Developers R.L. Dunn and Don Wenzel are currently renovating a dilapidated building on Chesterfield Avenue in Ettrick. When completed, it will house a pizza/sub shop on the ground floor with housing above.
"We were interested in if there is a market for VSU student services, like a coffee house, café, restaurants, t-shirt shops, laundromat - those kinds of things," said Jacobson. The resulting report showed potential for 20,000 square feet of "university-oriented retail."

R.L. Dunn, who owns about a dozen rental properties in Ettrick, is one of the first developers looking to capitalize on the student market. Dunn currently is renovating a Chesterfield Avenue building into a mixed-use establishment with a single-family residence above a pizza/sub shop - sure to appeal to the VSU students living in nearby dorms.

"It'll be within 50 yards of the dorms," said Dunn, who's been investing in Ettrick for almost a decade. "The surveys I've done of the college kids [indicate] they're very excited about it."

Having local businesses that provide services and amenities to VSU students makes sense to Morris Starks, 50, an Ettrick business owner and a member of the Ettrick Neighborhood and Business Foundation.

"The kids have to go to Colonial Heights to buy their lunch or midnight snack or whatever," he said. "That revenue should stay in Ettrick instead of going somewhere else."

Established in 2001, the six-member foundation is hoping to impact the community in small, but significant ways. Having bought, renovated and sold an unoccupied building on Chesterfield Avenue, the foundation is using the sale's profits to benefit Ettrick citizens.

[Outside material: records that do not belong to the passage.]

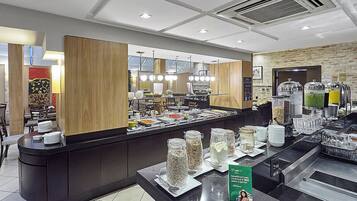 Un espace buffet proposant une variété de plats, un comptoir avec des assiettes et des couverts, et un panneau indiquant un avantage pour les clients.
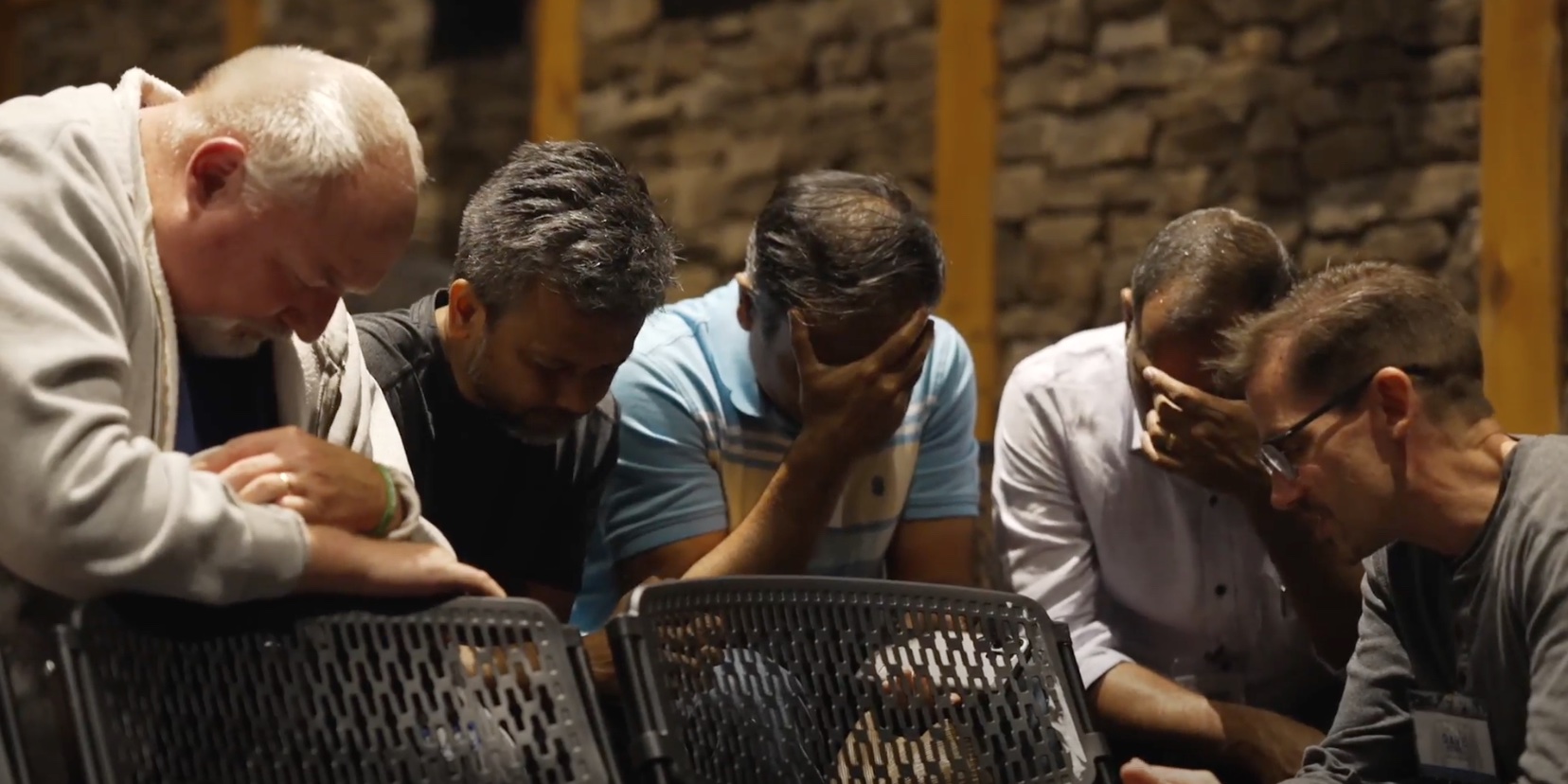 Men praying with their head in their hands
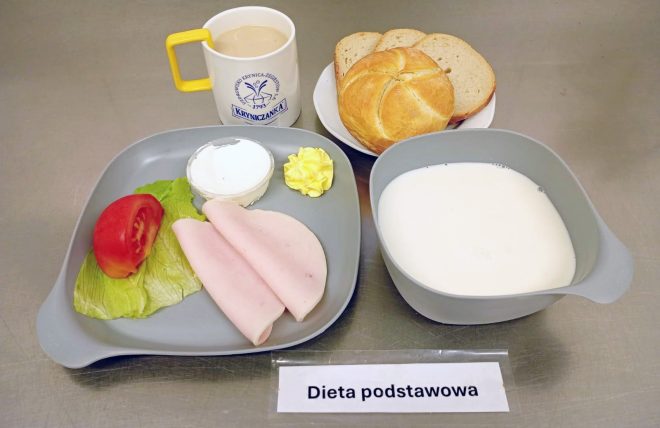 Śniadanie: dwa plasterki wędliny drobiowej na liściu sałaty z kawałkiem pomidora, porcja serka i masła. Obok miska z mlekiem, bułka i kromki chleba pszennego oraz kubek kawy z mlekiem. Na stoliku kartka z napisem Dieta podstawowa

"All of the monies are going to be put right back into the community in some form or fashion, whether it's education or beautification," said Larry Belcher, 74, the foundation's president and a lifelong Ettrick resident. "If there's a home that needs painting or a porch or a ramp, we could help in that situation…We just want to make Ettrick a better place to live, beautify it, get more homeownership and play a part in whatever the county is planning to do."